Sermon Illustrations
Salvation Requires Surrender
Not long ago one of the co-founders of Alcoholics Anonymous, Bill Wilson, published his correspondence with the great psychiatrist, Carl Jung. He thanks Carl Jung for his contribution to Alcoholics Anonymous. He said, "You have no idea the important role you played in the forging of the famous twelve steps of Alcoholics Anonymous. You were treating a man named Roland H., and you said, 'Roland, you're a hopeless alcoholic, there's nothing more I can do for you except take your money, and I don't want to do that.'
"Roland asked you, 'Is there anything I can do?' and you said, 'Yes, there is something you can do. Have a religious conversion. Have a religious experience.' " (And Roland H. did have a religious experience, and he became sober. He's a recovering alcoholic.)

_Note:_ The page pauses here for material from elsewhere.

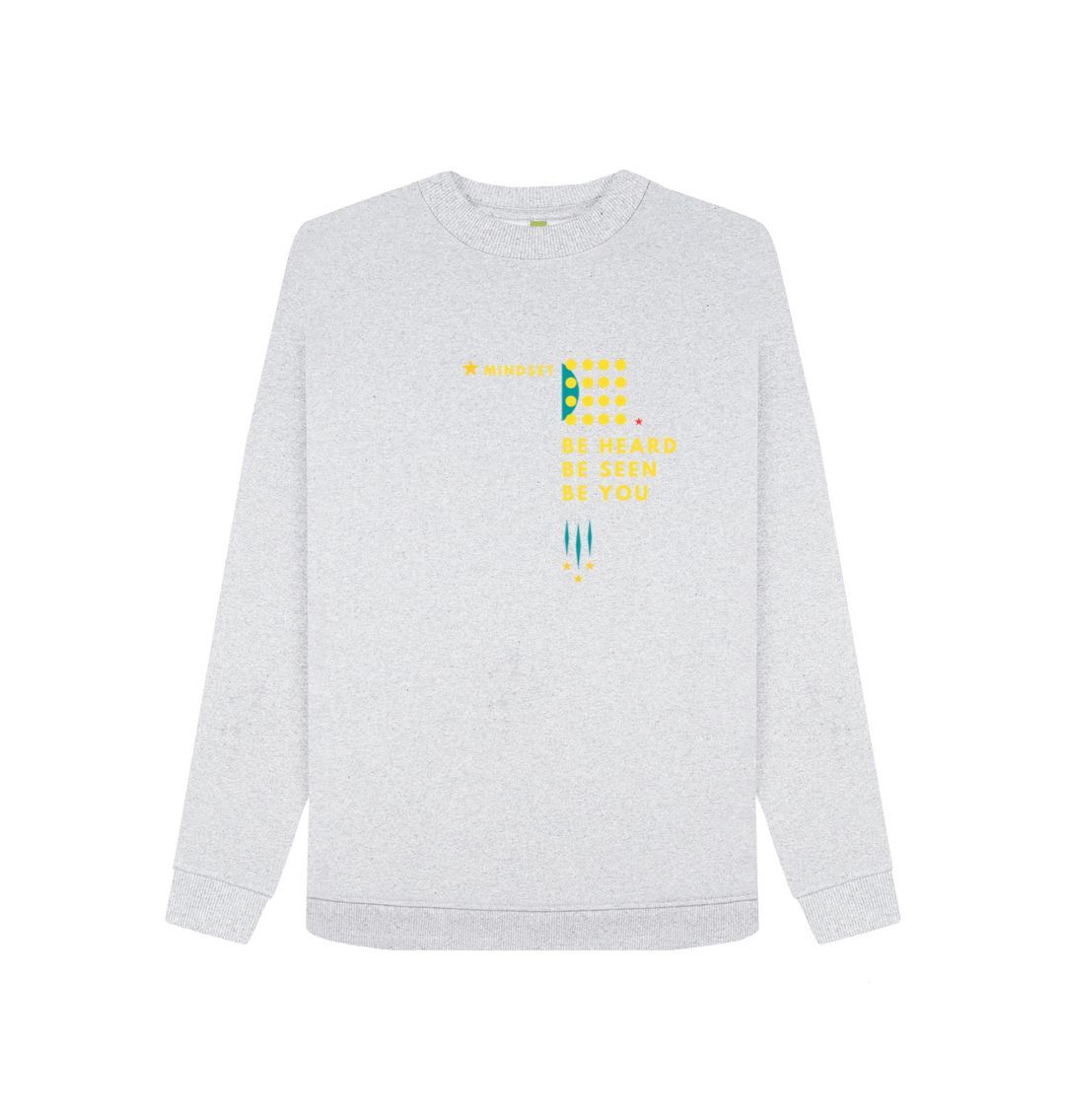Grey Mindset Collection - Organic female jumper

"At the same time," continued Wilson, "my doctor told me I was a hopeless alcoholic. And I said, 'Isn't there something I can do?'
"At the time I was reading William James's A Variety of Religious Experience, and I noticed at the bottom of every religious experience was that turning your life over to God, that surrender to God. So I went home, and I said, 'God, I don't know if I even believe in you. But if you're there, if you're there, God, will you help me please?'
"In that moment I knew I was healed. In that moment I knew that the addiction was broken, that I was a free man, maybe for the first time in my whole life."
He talks about this in a movie that was recently on television, My Name is Bill W. It's about how he experienced the peace of God, the strength of God, but at the price of surrender, of turning his life over to God. That is very important. To experience the reality of God in prayer is that moment of surrender.